Judges; Mandatory Retirement Age; Constitutional Amendment
Proposes a constitutional amendment to change the mandatory retirement age from 70 to 80 years for justices and judges appointed after November 4, 2008. (SB3202 HD1)
TWENTY-FOURTH LEGISLATURE, 2008
STATE OF HAWAII
A BILL FOR AN ACT
PROPOSING AN AMENDMENT TO THE HAWAII CONSTITUTION TO EXTEND THE MANDATORY RETIREMENT AGE FOR STATE JUSTICES AND JUDGES FROM SEVENTY TO EIGHTY YEARS OF AGE.
BE IT ENACTED BY THE LEGISLATURE OF THE STATE OF HAWAII:
SECTION 1. The legislature finds that in today's society, individuals are living longer, healthier lives, as evidenced by the growing number of older individuals throughout the United States and the world. The legislature further finds that a benefit of our aging society is the wisdom, experience, and skills that these older individuals possess, which should be both valued and respected, particularly in the workforce.
The legislature determines that the age restriction placed upon Hawaii's justices and judges, who are highly educated individuals who have served as learned members of the bar and now the bench, should be reconsidered. The wealth of knowledge and experience in interpreting Hawaii's laws that is retained by these individuals is invaluable to the residents of Hawaii.
The purpose of this Act is to propose an amendment to article VI, section 3, of the Constitution of the State of Hawaii to extend the mandatory retirement age for newly appointed state court justices and judges from seventy to eighty years of age.
SECTION 2. Article VI, section 3, of the Constitution of the State of Hawaii is amended to read as follows:
"APPOINTMENT OF JUSTICES AND JUDGES
Section 3. The governor, with the consent of the senate, shall fill a vacancy in the office of the chief justice, supreme court, intermediate appellate court and circuit courts, by appointing a person from a list of not less than four, and not more than six, nominees for the vacancy, presented to the governor by the judicial selection commission.

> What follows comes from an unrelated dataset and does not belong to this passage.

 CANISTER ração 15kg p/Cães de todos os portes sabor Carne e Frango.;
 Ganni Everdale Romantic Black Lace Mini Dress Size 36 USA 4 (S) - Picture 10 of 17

If the governor fails to make any appointment
within thirty days of presentation, or within ten days of the senate's
rejection of any previous appointment, the appointment shall be made by the
judicial selection commission from the list with the consent of the senate. If
the senate fails to reject any appointment within thirty days thereof, it shall
be deemed to have given its consent to [
such] the appointment.
If the senate [ shall reject] rejects any appointment, the
governor shall make another appointment from the list within ten days thereof.
The same appointment and consent procedure shall be followed until a valid
appointment has been made, or failing this, the commission shall make the
appointment from the list, without senate consent.
The chief justice, with the consent of the senate, shall fill a vacancy in the district courts by appointing a person from a list of not less than six nominees for the vacancy presented by the judicial selection commission. If the chief justice fails to make the appointment within thirty days of presentation, or within ten days of the senate's rejection of any previous appointment, the appointment shall be made by the judicial selection commission from the list with the consent of the senate. The senate shall hold a public hearing and vote on each appointment within thirty days of any appointment. If the senate fails to do so, the nomination shall be returned to the commission and the commission shall make the appointment from the list without senate consent. The chief justice shall appoint per diem district court judges as provided by law.
QUALIFICATIONS FOR APPOINTMENT
Justices and judges shall be residents and citizens of the State and of the United States, and licensed to practice law by the supreme court. A justice of the supreme court, a judge of the intermediate appellate court and a judge of the circuit court shall have been so licensed for a period of not less than ten years preceding nomination. A judge of the district court shall have been so licensed for a period of not less than five years preceding nomination.
No justice or judge shall, during the term of office, engage in the practice of law, or run for or hold any other office or position of profit under the United States, the State or its political subdivisions.
The term of office of justices and judges of the supreme court, intermediate appellate court and circuit courts shall be ten years. Judges of district courts shall hold office for the periods as provided by law. At least six months prior to the expiration of a justice's or judge's term of office, every justice and judge shall petition the judicial selection commission to be retained in office or shall inform the commission of an intention to retire. If the judicial selection commission determines that the justice or judge should be retained in office, the commission shall renew the term of office of the justice or judge for the period provided by this section or by law.
Justices and judges shall be retired upon
attaining the age of [
seventy] eighty years[ . They],
with the exception of justices or judges first appointed prior to
November 5, 2008, who shall be retired upon attaining the age of seventy
years. Justices and judges shall be included in any retirement law of the
SECTION 3. The question to be printed on the ballot shall be as follows:
"Shall the mandatory retirement age for all state court justices and judges be extended from seventy to eighty years of age for those state court justices and judges appointed after November 4, 2008?"
SECTION 4. Constitutional material to be repealed is bracketed and stricken. New constitutional material is underscored.
SECTION 5. This amendment shall take effect upon compliance with article XVII, section 3, of the Constitution of the State of Hawaii.